Thursday, April 28, 2022 - 1:30pm to 2:30pm

Embracing Collaborative Chaos: Running Chaos Days on Large Platforms


Chaos Engineering reduces the impact of component failure. Chaos Days (aka Game Days) are one practice within this field, whereby controlled failures are used to learn and improve system and team response. We will describe how to run a Chaos Day on a large microservices platform, using our experience of doing this across 60 teams, 1000 microservices. The session will explore why you’d run a Chaos Day, and how to know when you and your platform are ready to do so. We’ll share our learnings of the actual mechanics of running one: how do you plan, execute and retrospect a Chaos Day.
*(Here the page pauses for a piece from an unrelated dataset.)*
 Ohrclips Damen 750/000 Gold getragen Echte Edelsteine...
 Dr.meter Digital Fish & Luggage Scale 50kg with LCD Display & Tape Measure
We’ll also share what’s not worked so well, and areas we’d like to focus on in the future. When real (unplanned) failures occur, they provide excellent opportunities to learn and improve a system’s resilience. We’ll explore how to make the most of these events by running effective postmortems, and how Chaos Days can further refine your postmortem approach. The session will conclude by discussing how Chaos Engineering could be applied to attendees own context, through presenting various possible starting points.

Equal Experts

An engineer at heart, Lyndsay Prewer has over twenty years experience of helping individuals, teams and organisations improve their software delivery. For the past 7 years I've been a consultant with Equal Experts, leading a range of engineering teams in the delivery of large-scale IT services. Problem domains have ranged from public sector organisations (UK’s tax and passport offices) to global, online retailers. I love helping bridge the gaps between user and business needs, engineering disciplines and service operation.